La Société du Morne Brabant qui a aujourd’hui passé l’obstacle du World Heritage Site de l’Unesco, comporte 337 hectares en toute propriété. Il comprend moins de cent villas, un petit hôtel et un Morne Heritage Centre. Les promoteurs ont choisi de se faire tout-petits pour cohabiter avec le site historique du Morne.


Anahita IRS and Hotel projects

Ce projet de CIEL Group s’étend sur 185 hectares en toute propriété à Beau-Champ dont seuls six hectares nécessitent la reconversion. Il comporte 415 villas au niveau du IRS et un hôtel cinq étoiles de 120 chambres-villas.

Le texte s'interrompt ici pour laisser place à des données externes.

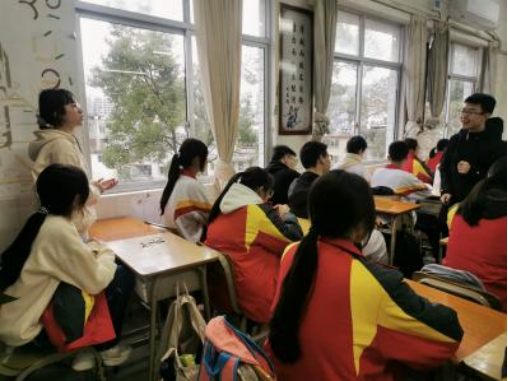 免费观看已满十八岁电视剧动漫版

On ne peut s’empêcher de faire ressortir que ce projet développe un pan de mer que personne n’associerait naturellement à un site cinq-étoiles. Que le privé puisse transformer un site d’apparence si médiocre pour en faire un des hauts lieux du développement touristique ne peut être qu’un grand plus pour le pays.

Il est aussi intéressant de noter que le gouvernement a offert aux promoteurs de ce projet une nouvelle formule pour accommoder le volet social du développement. Il serait aujourd’hui question que le promoteur paye 5,000 dollars par villa “up front” dans un fond social géré en partie par les forces vives et au sein duquel chacun des propriétaires des 415 villas versera une somme mensuelle de 100 dollars.


Beau Rivage Integrated Golf Resort

Ce projet de Rs 4 milliards contient à un degré moindre que BASE le mélange explosif de terres de l’État et de terrains en toute propriété. Sur les 160 hectares que requiert ce projet, 44 arpents consistent en Pas géométriques loués à bail sous la classification de grazing and conservation land. 15 à 20 des chalets seront situés sur ces Pas géométriques. Un integrated residential golf et un golf village sur les 160 hectares comprendront un pleasure craft marina, environ 200 chalets ainsi qu’un hôtel.

Cet envol rapide ne prétend pas être exhaustif ou même précis car il n’y a aucun projet qui change aussi rapidement d’envergure, de nature et de détails de toutes sortes que les IRS. Il y a des projets dont nous sommes conscients n’avoir pas couverts comme cette insanité de créer à Balaclava entre le Maritim et le Goulet cinq sites d’hôtels.

Ce qu’il convient de noter en guise de conclusion, c’est que les IRS sont aussi nombreux qu’ils sont différents. Certains ne nécessitent aucun apport de terres de l’État alors que d’autres en ont besoin à des degrés différents. Nous avons essayé de démontrer qu’en l’absence d’un mécanisme transparent où les forces du marché joueraient pleinement leur rôle, ces projets continueront à faire l’objet de convoitise qui crée un air vicié pour le mood du pays en général.